La différence entre les croyants qui s’attachent à une religion est qu’ils s’adressent à un interlocuteur divin qu’il leur est possible de remercier pour ce miracle d’exister, là où des personnes athées ou sans appartenance religieuse ne peuvent remercier que l’univers, la vie ou leurs parents. Ainsi, le désir d’être béni ne part en réalité pas d’une absence, mais d’une nostalgie : celle de renouer avec l’expérience originelle éprouvée ou implicite qu’est la conscience de se sentir fondamentalement béni, de recevoir une vie arrachée au néant, voire une parole que personne ne se dit à soi-même, qui affirme que l’on a « du prix », une place dans ce monde, un chemin à accomplir qui donnera à la vie un sens. De tels besoins que l’on peut qualifier de « spirituels » sont sans conteste au moins aussi importants que les nécessités matérielles, bien qu’ils demeurent fort négligés dans les sociétés pourtant dites « développées ».

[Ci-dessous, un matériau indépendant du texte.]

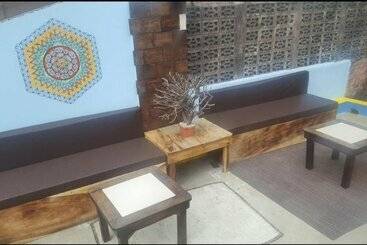 هتل Hostal Vital Yek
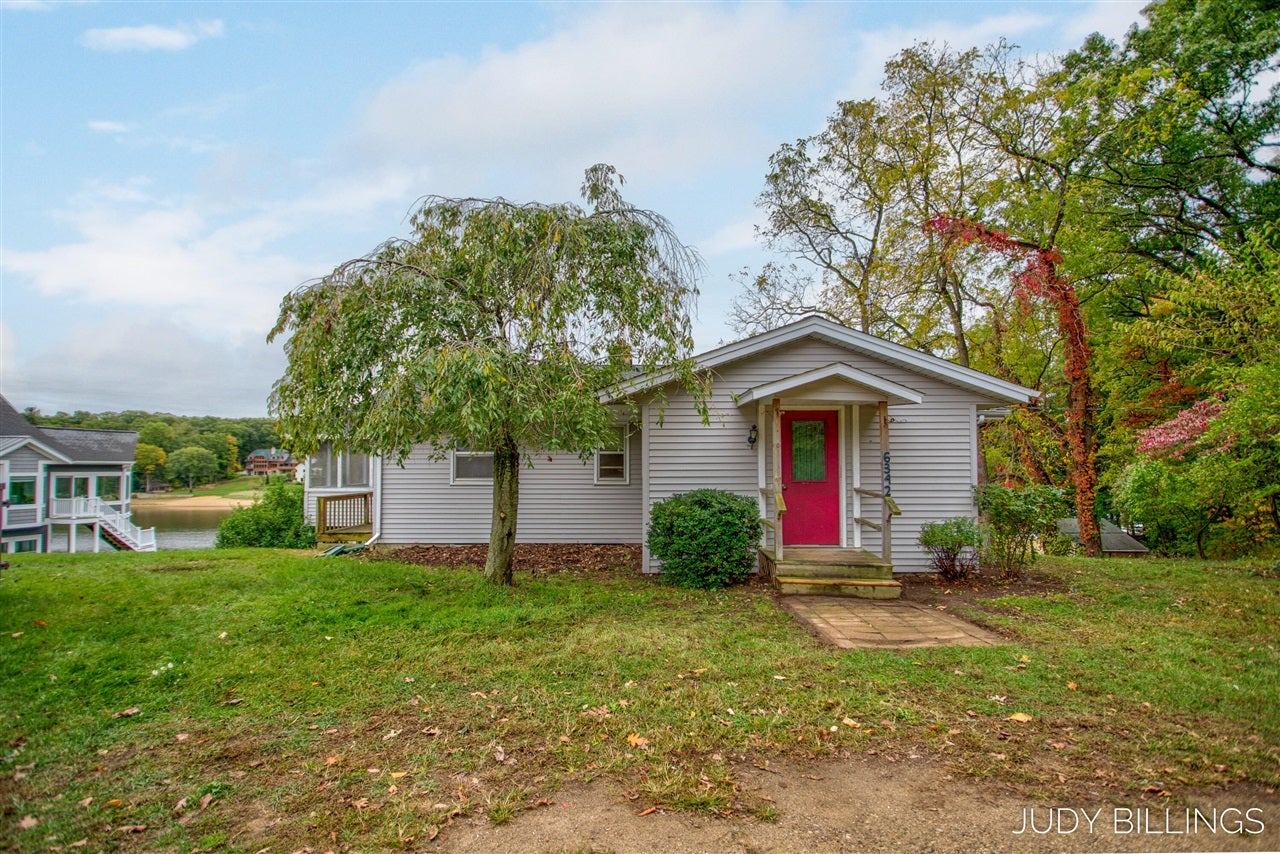 6342 Old Allegan Road — photo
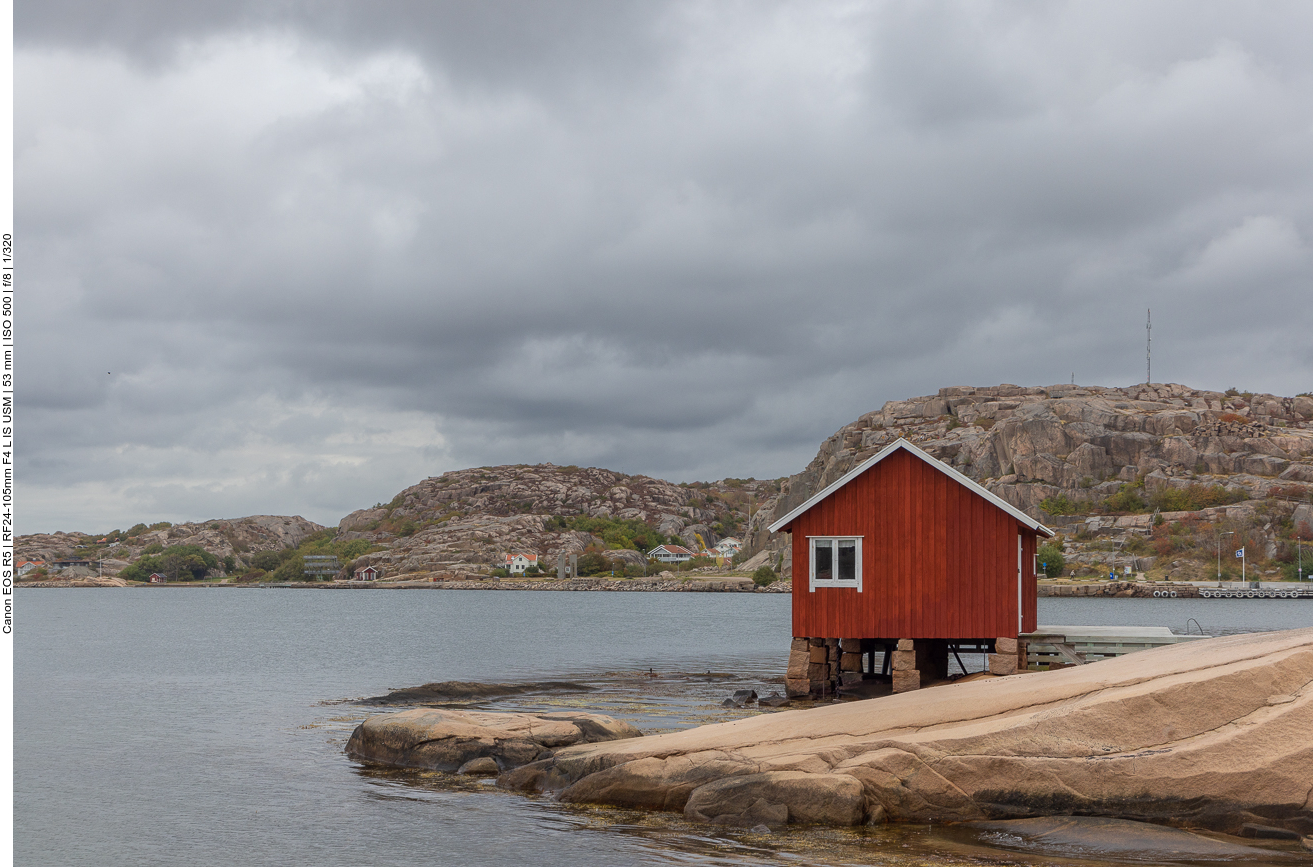 Häuschen auf Miniinsel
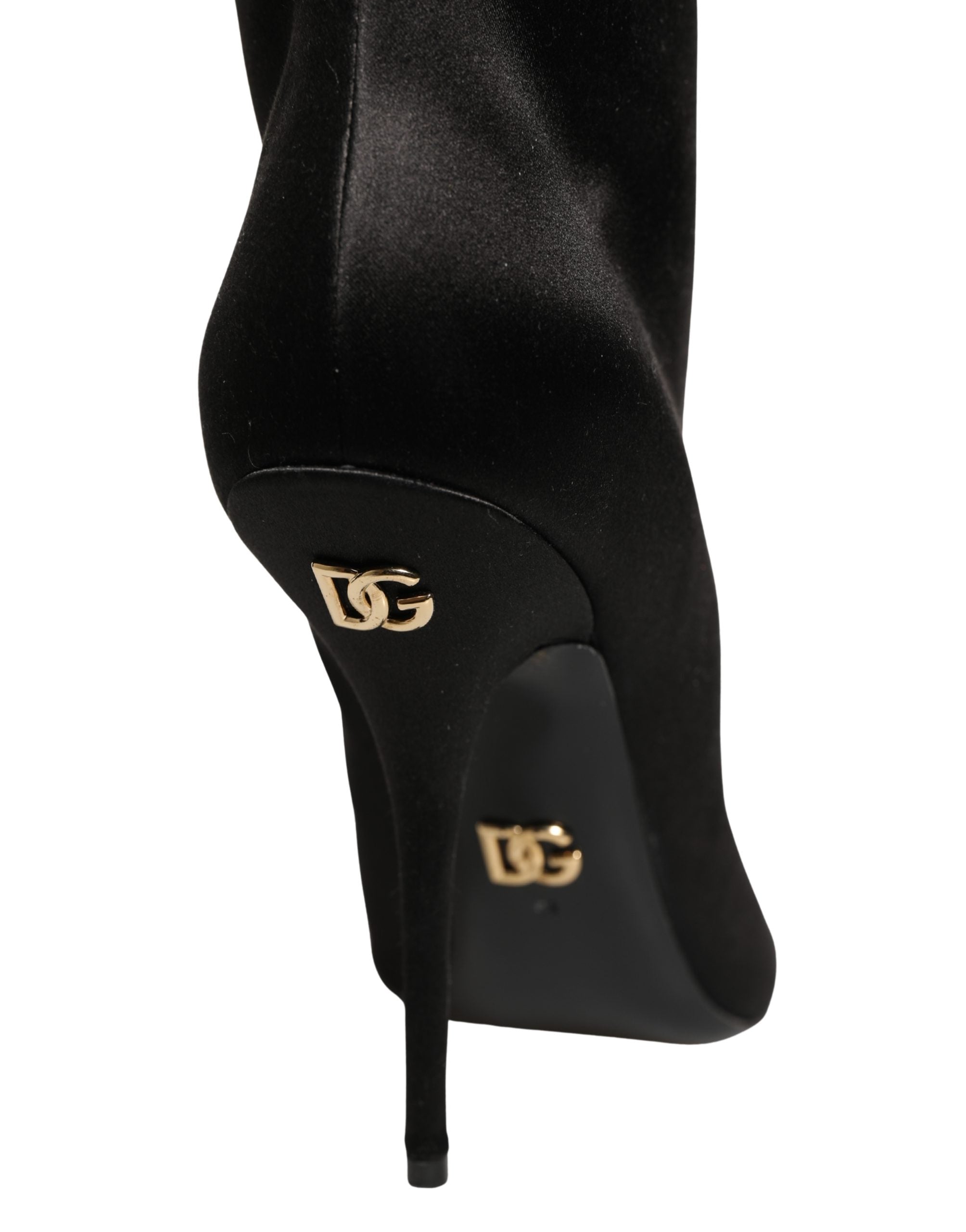 Bottes noires en satin Dolce & Gabbana, cuissardes à talons aiguilles, élégantes et sophistiquées, vues de face.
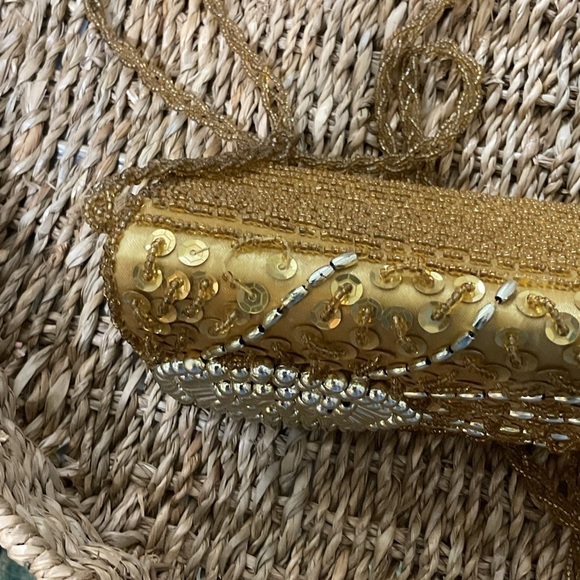 Vintage, Evening bag ,gold, silver fully embellished ,beaded, stunning,unique - Picture 6 of 7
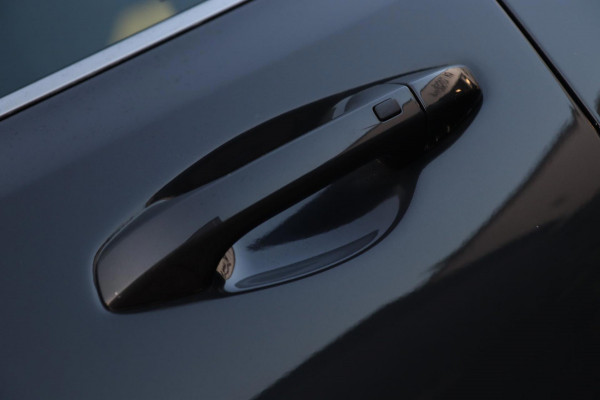 Kia ProCeed 1.6 T-GDI GT / PANODAK / MEMORY / ACC / JBL / KEYLESS / CAMERA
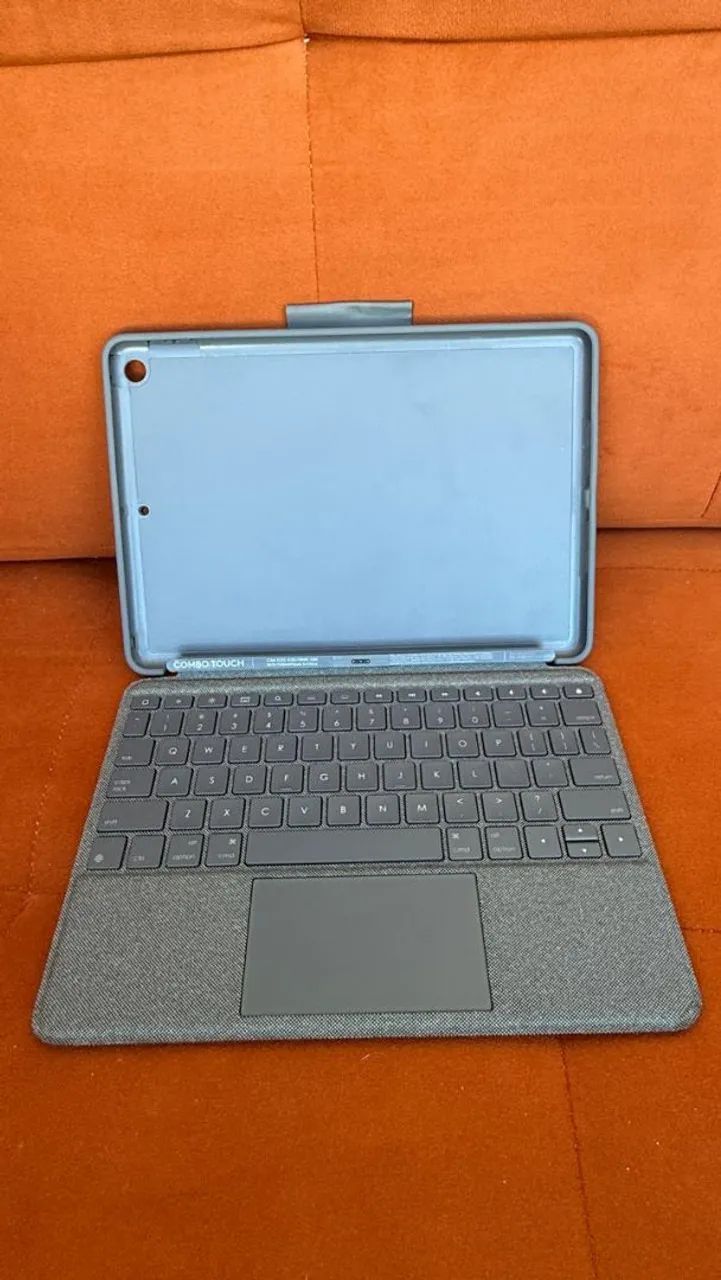 LOGITECH Combo Touch Capa teclado para IPAD (7, 8, 9 geração) - Foto 4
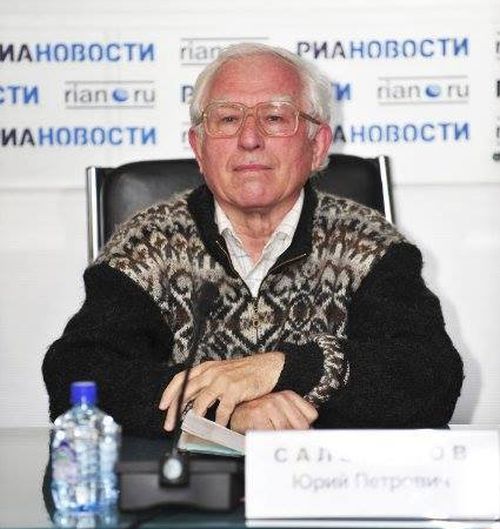 Руководитель поисковой экспедиции - известный документалист и тележурналист Юрий Сальников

Qu’est-ce qu’une bénédiction ? Une parole « efficace » qui, en disant le bien pour une personne, le met en œuvre — sans pour qu’il s’agisse d’une efficacité automatique ! L’action efficace est à discerner, n’est pas nécessairement immédiate ni sensible, et dans la perspective chrétienne, elle appelle la foi, c’est-à-dire la confiance –, et ce, non la confiance en une force inhérente à la bénédiction elle-même, mais à celui qui en est l’origine, Dieu. La bénédiction chrétienne, dite au nom du Dieu trinitaire, est espérée comme la parole qui crée, qui relève de la même puissance que la création de la vie au commencement… mais la personne bénie est aussi appelée à la croire, à la saisir et la faire fructifier.